LISTED ENTRIES:
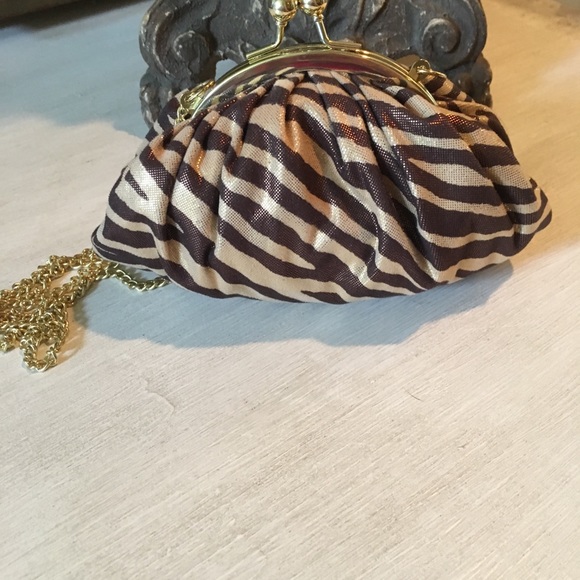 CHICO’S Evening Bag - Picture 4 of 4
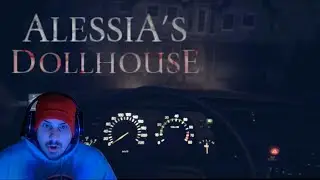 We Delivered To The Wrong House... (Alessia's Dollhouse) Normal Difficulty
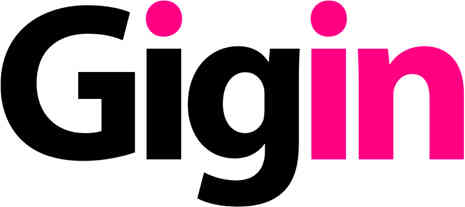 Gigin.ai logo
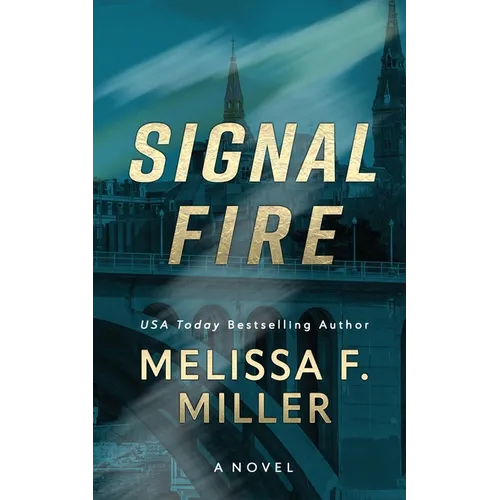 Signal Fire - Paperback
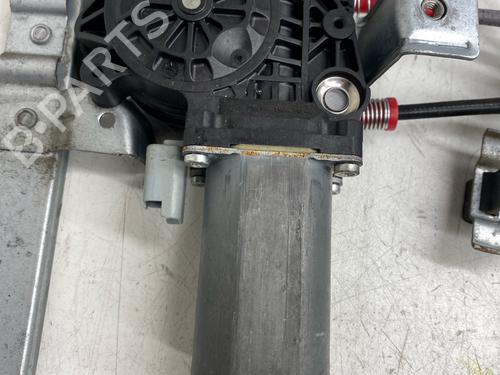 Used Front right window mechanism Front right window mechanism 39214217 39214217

EXERCISE REQUIREMENTS: Which lines run from the one holding "Signal Fire - Paperback" through the end of the records? Reproduce them word for word, both ends included, with no pictures.

WRITTEN SOLUTION:
 Signal Fire - Paperback
 Used Front right window mechanism Front right window mechanism 39214217 39214217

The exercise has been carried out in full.